● **Assignment**
Reproduce only the lines below from the line containing "Ontario : carte" to the line containing "Coldplay Concert Ticket", exactly as written, with both end lines kept. Omit the pictures.

━━━ Records provided

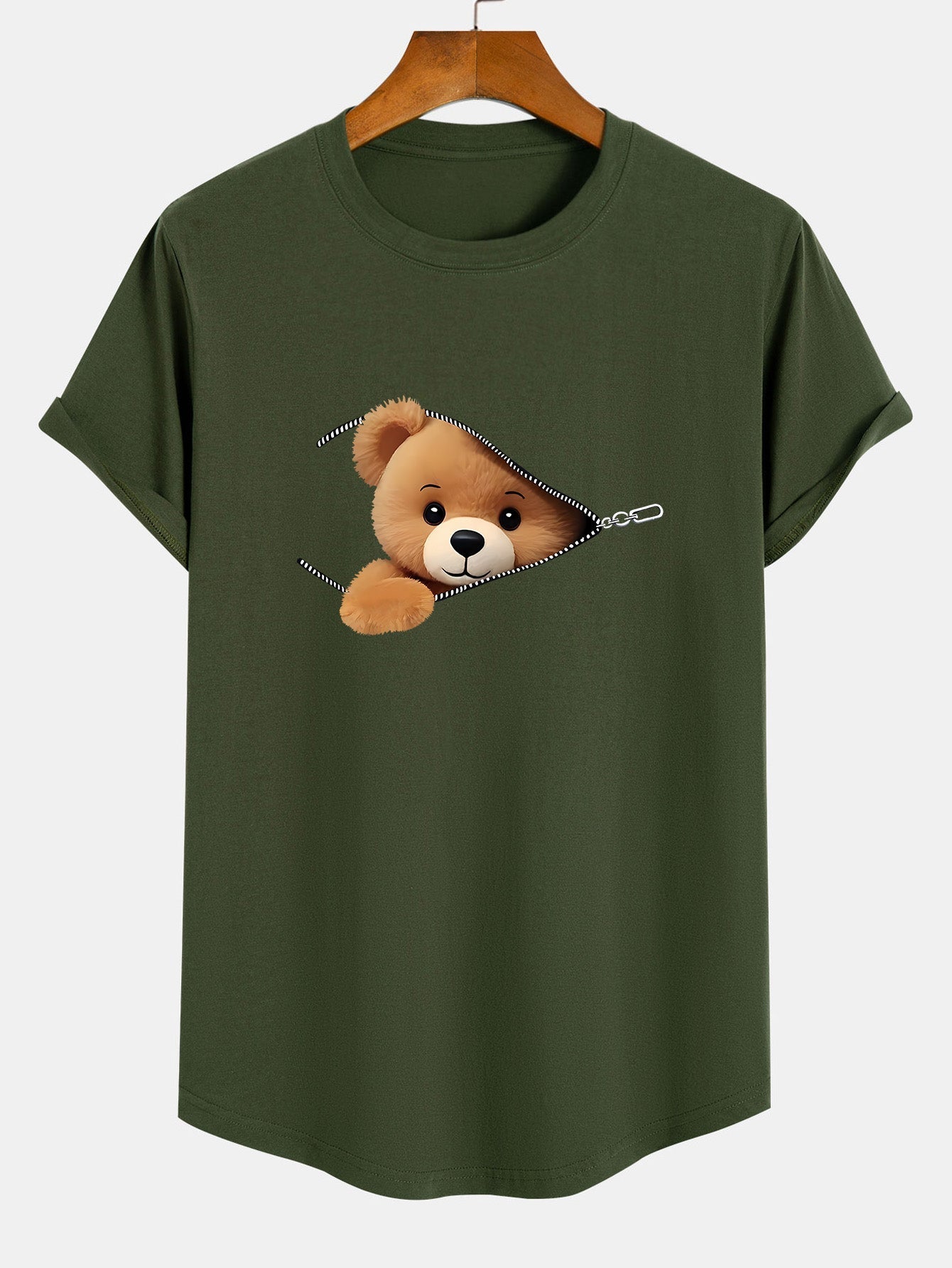Gustavo® | Zipper Bear Print Cotton Arc Hem T-Shirt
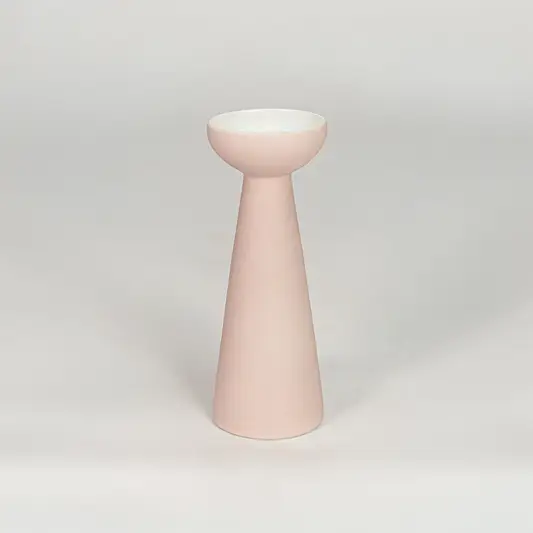 Tall minimalist matte pastel pink pedestal vase for modern home decor and elegant tabletop shelf styling needs.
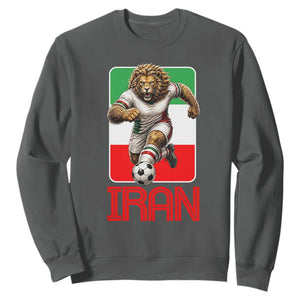 Persian Lions Soccer Fan Sweatshirt Proud Iranian Heritage Gift TS12 Dark Heather Print Your Wear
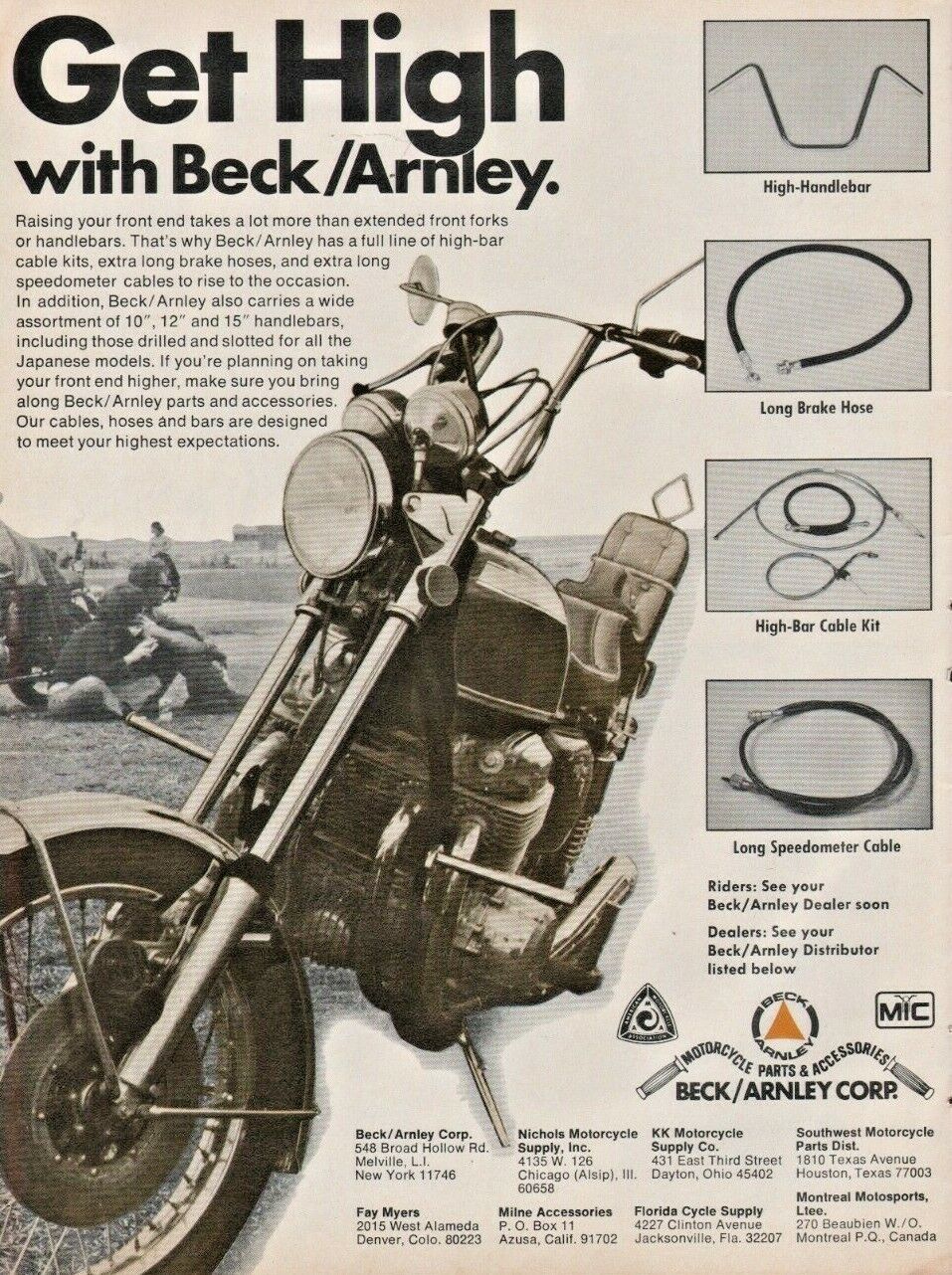 1973 Beck / Arnley High Handlebar Parts - Vintage Motorcycle Ad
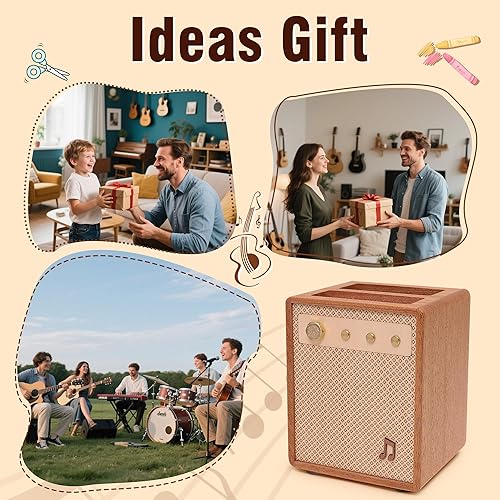 Miniatura 7 de Accesorios de guitarra, soporte de púas de guitarra estilo amplificador de madera Sapele con almacenamiento para bolígrafos, organizador de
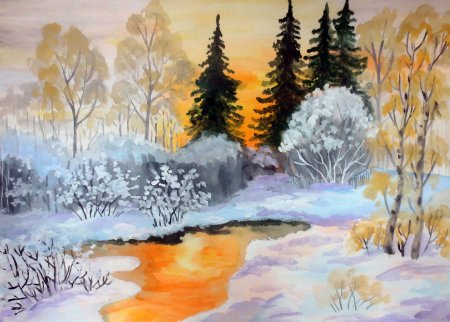 Рисунок на тему зимняя палитра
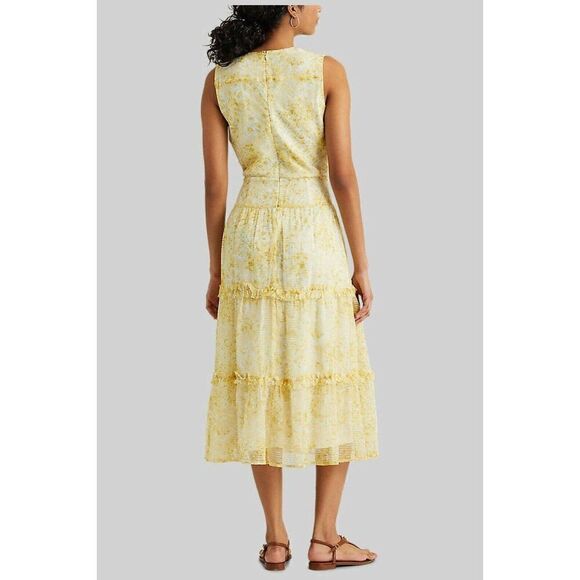 LAUREN Ralph Lauren Floral Yellow & Cream Sleeveless Midi Dress - Picture 2 of 11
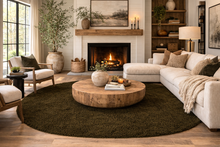 Handmade olive green oval wool rug - Minimalist custom carpet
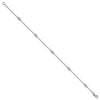 14k White Gold Complete 1/8 carat Bezel-set Diamond and Cable Chain 5-Station 7 inch Bracelet
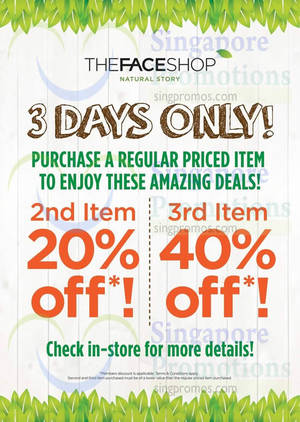 Featured image for (EXPIRED) The Face Shop 20% OFF 2nd Item Promo 15 – 17 Aug 2014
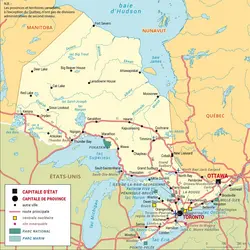 Ontario : carte administrative - crédits : Encyclopædia Universalis France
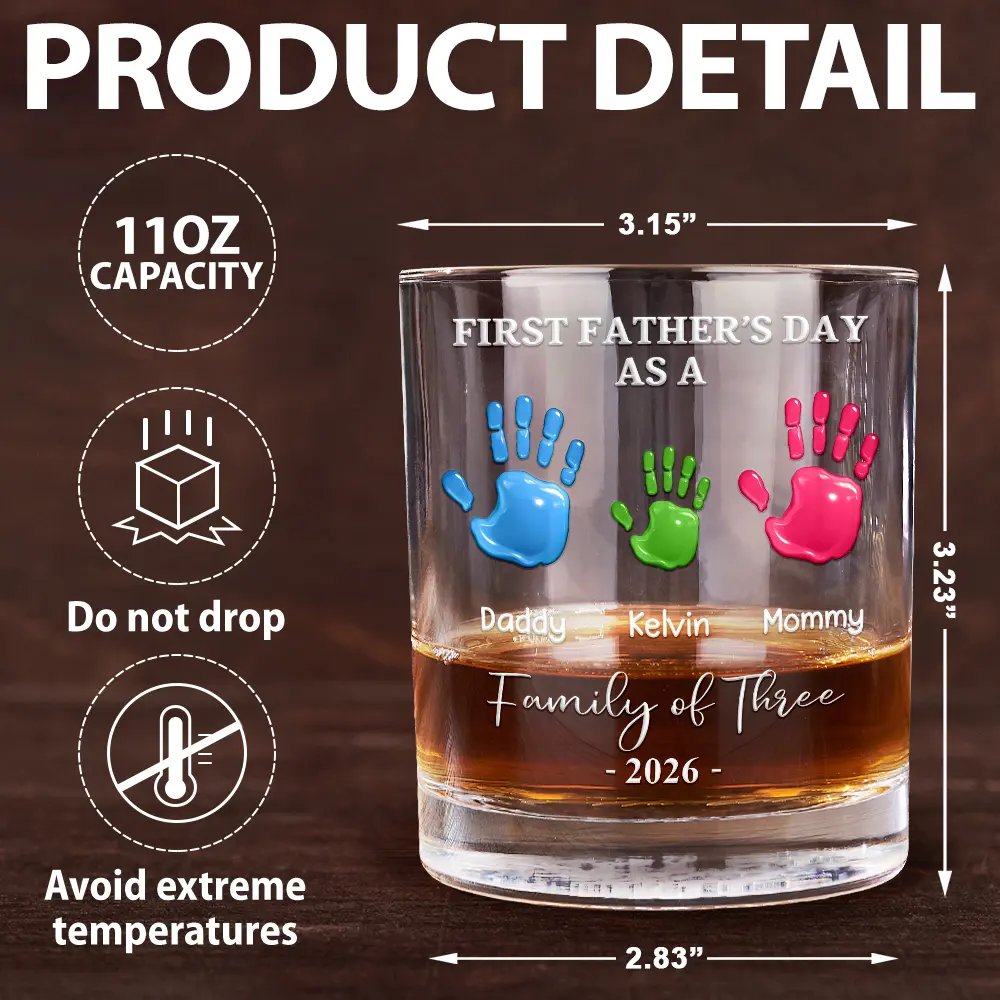 3D Effect Handprints Family - Personalized Whiskey Glass - Image 5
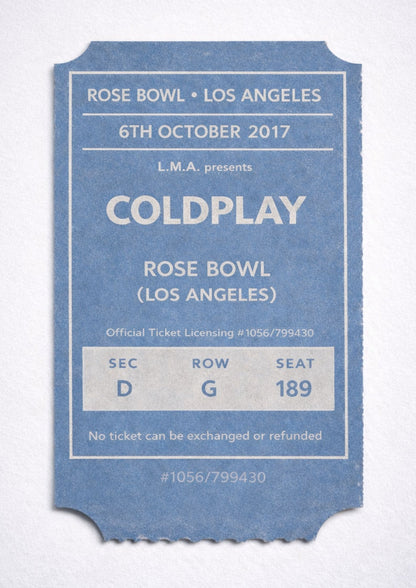 Coldplay Concert Ticket Stub Print Rose Bowl Los Angeles 2017 Retro Music Wall Art A Head Full of Dreams Tour Gift for Coldplay Fans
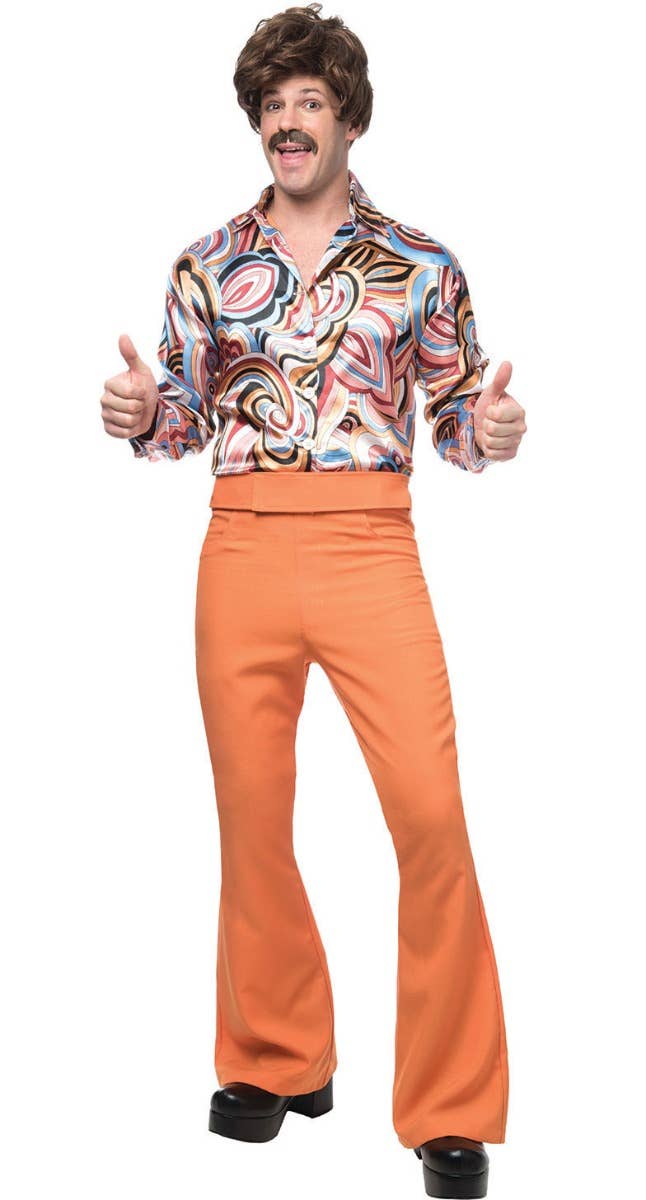 Men's Bright Orange Retro 70s Disco Fancy Dress Costume - Main Image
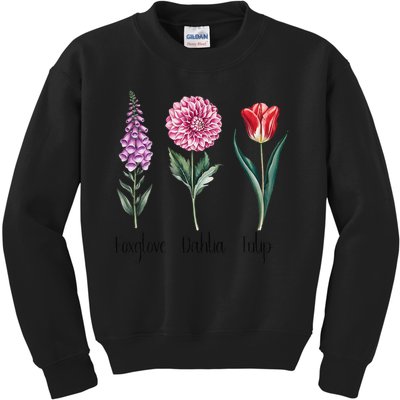Subtle Floral Trump Flowers Foxglove Dahlia Tulip Kids Sweatshirt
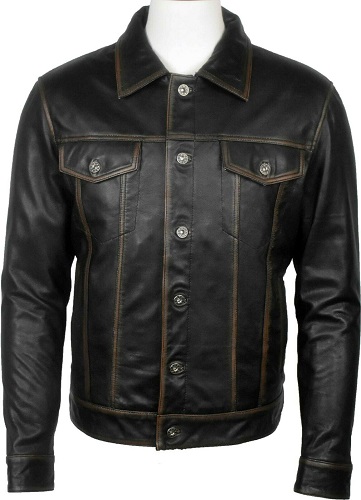 Trucker Black Genuine Leather Jacket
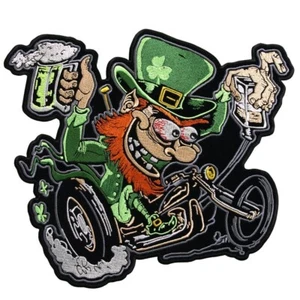 LEPRECHAUN IRISH BEER BIKE Jacket Vest Back PATCH | IRON ON OR SEW   10" X 9" - Picture 1 of 1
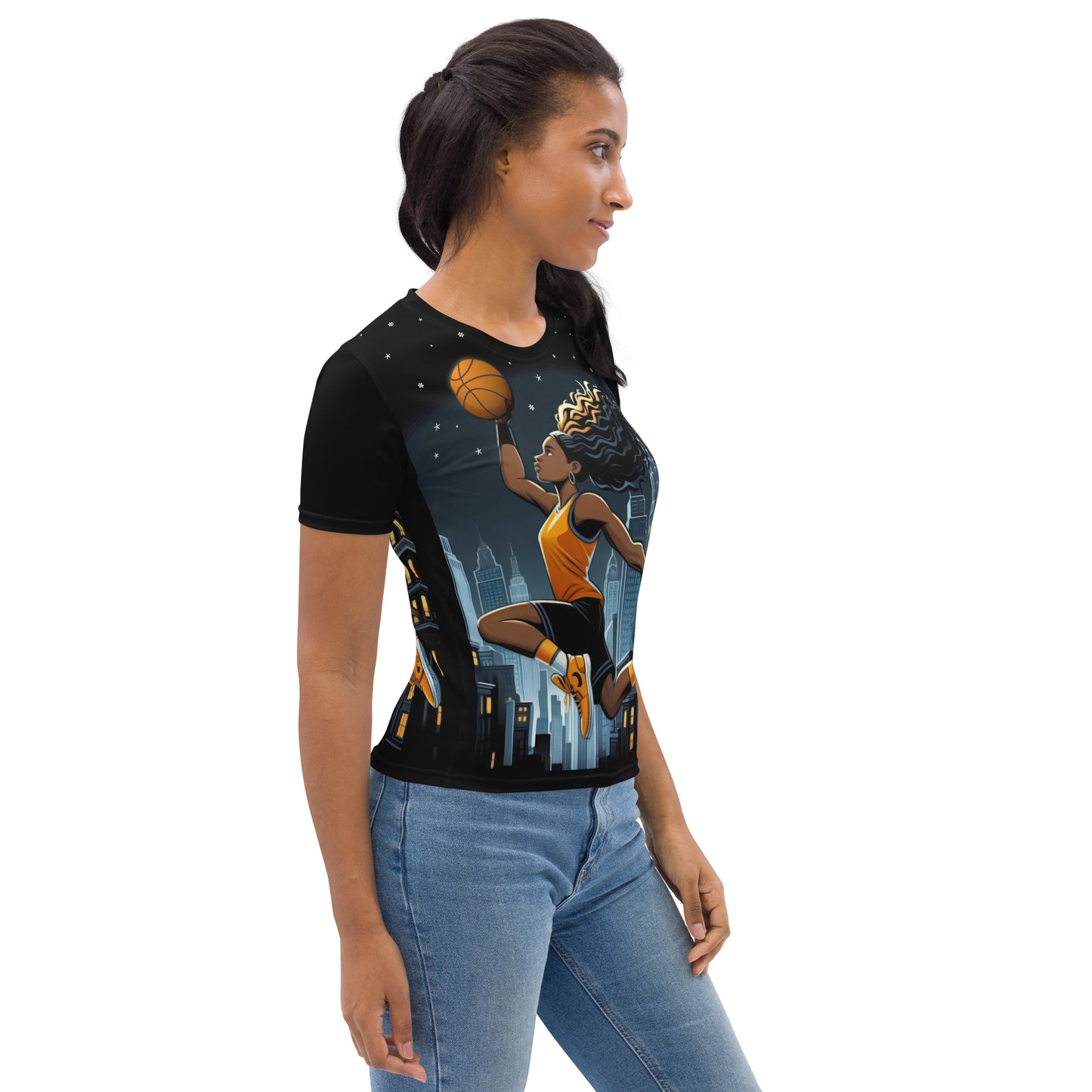 'Over the City' All-Over-Print Polyester Women's Short Sleeve Basketball Shirt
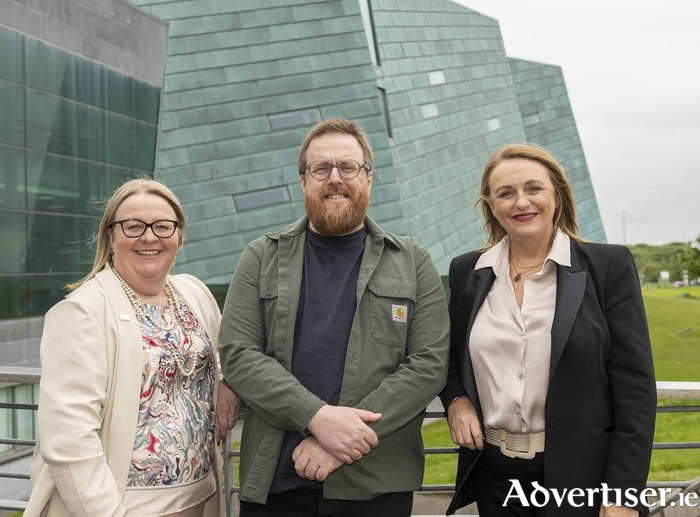 Cait Noone, ATU, Jp McMahon, Food on The Edge Founder and owner of Anair Restaurant, and Jacinta Dalton, Head of Culinary Arts & Service Industries, ATU Galway, at the Launch of Food On The Edge 2024 which took place in ATU Galway. Photo: Andrew Downes, xposure.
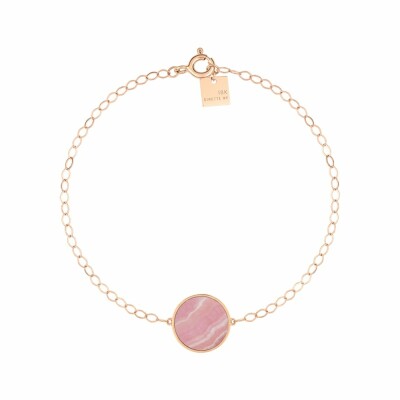 Bracelet Ginette NY EVER DISC en rhodocrosite et or rose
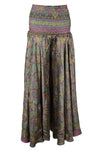 Handmade Bohemian Silk Wide-Leg Pants in Purple and Green – Elegant & Comfortable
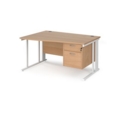 Maestro 25 left hand wave desk 1400mm wide with 2 drawer pedestal - white cable managed leg frame and beech top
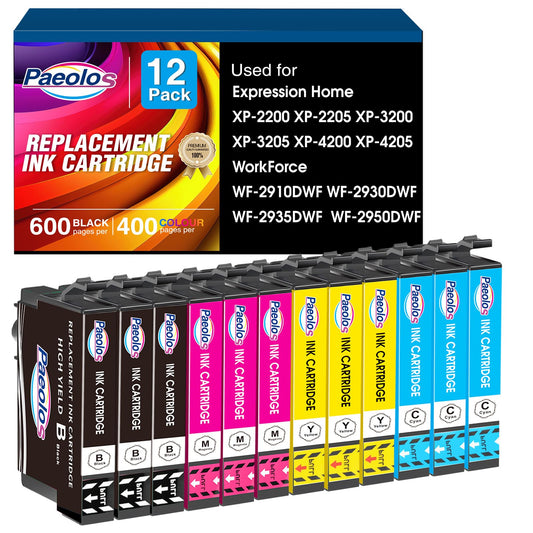 Compatible Ink Cartridges 604XL 12-Pack for Epson XP/WF Series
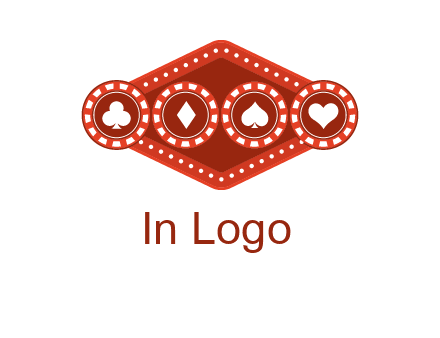 club diamond spade heart in gambling chips logo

━━━━━━

● **Solution below**
 Ontario : carte administrative - crédits : Encyclopædia Universalis France
 3D Effect Handprints Family - Personalized Whiskey Glass - Image 5
 Coldplay Concert Ticket Stub Print Rose Bowl Los Angeles 2017 Retro Music Wall Art A Head Full of Dreams Tour Gift for Coldplay Fans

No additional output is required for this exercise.